BEGIN
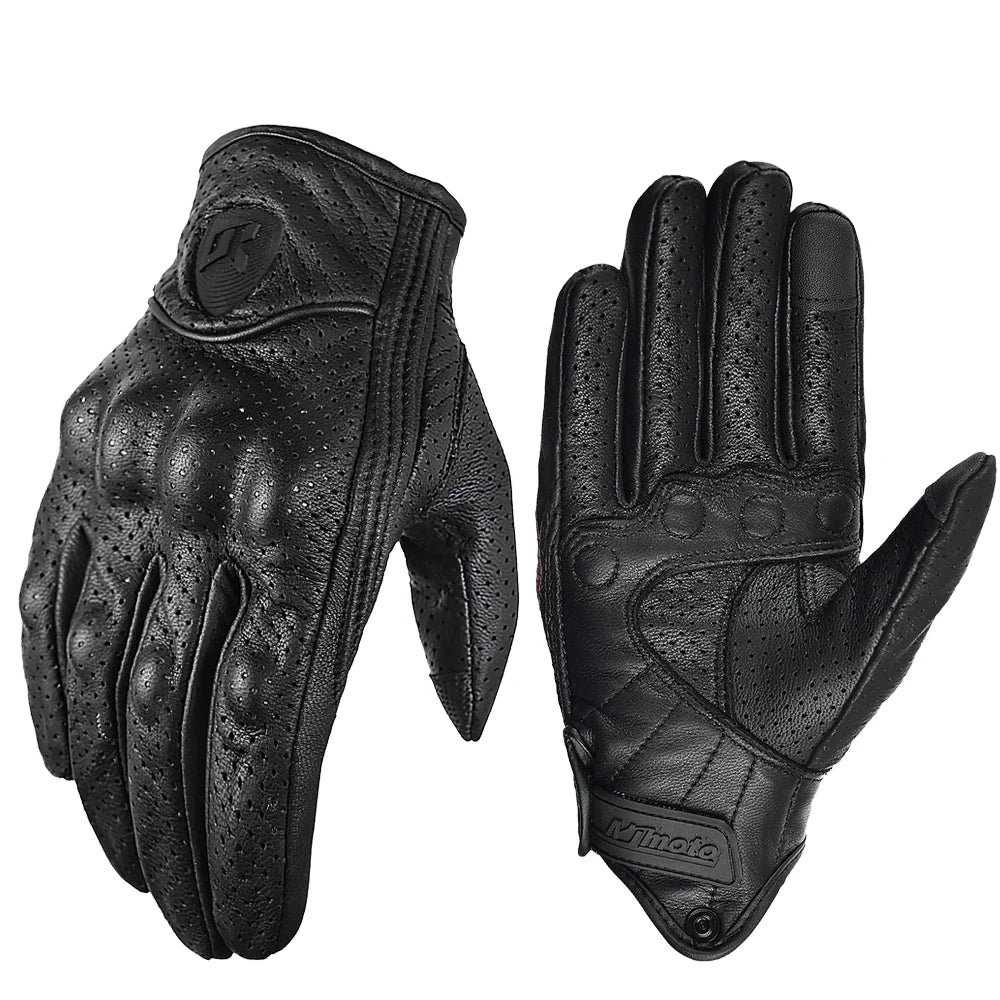 Vintage Leather Motorcycle Gloves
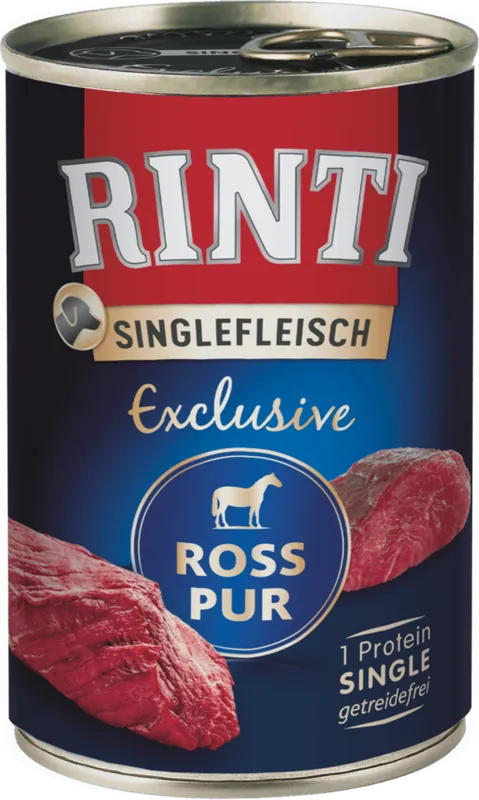 Rinti Singlefleisch Exclusive Konina (mit ross pur) Mokra Karma dla psa op. 400g Bezpieczna płatność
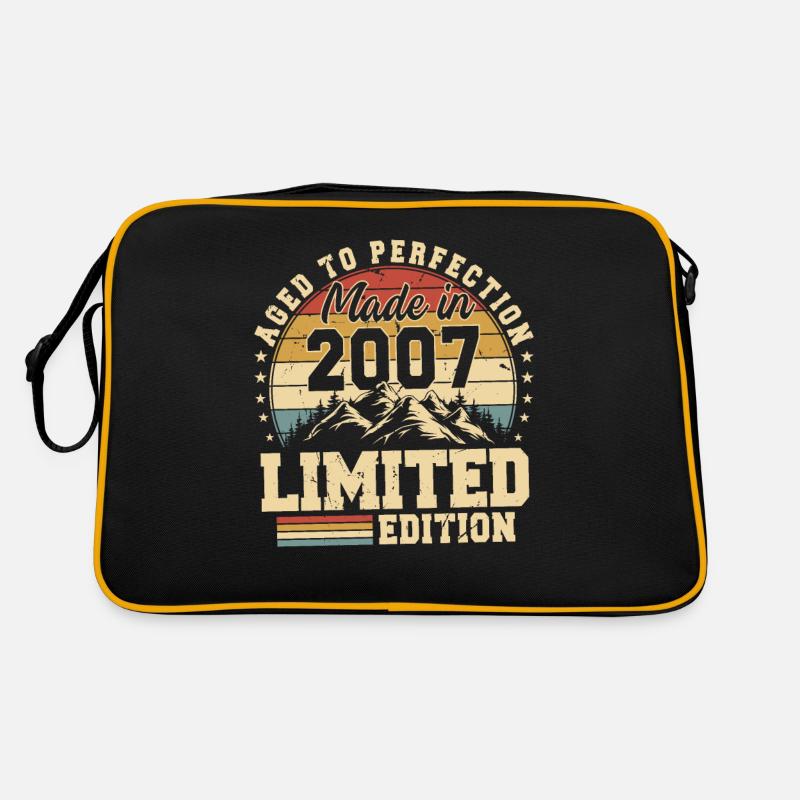 Perfekt gealtert im Jahr 2007 Retro Tasche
END
All that is needed is the span from the line with "Rinti Singlefleisch Exclusive" through the last line of the material above, reproduced exactly and free of pictures.

 Rinti Singlefleisch Exclusive Konina (mit ross pur) Mokra Karma dla psa op. 400g Bezpieczna płatność
 Perfekt gealtert im Jahr 2007 Retro Tasche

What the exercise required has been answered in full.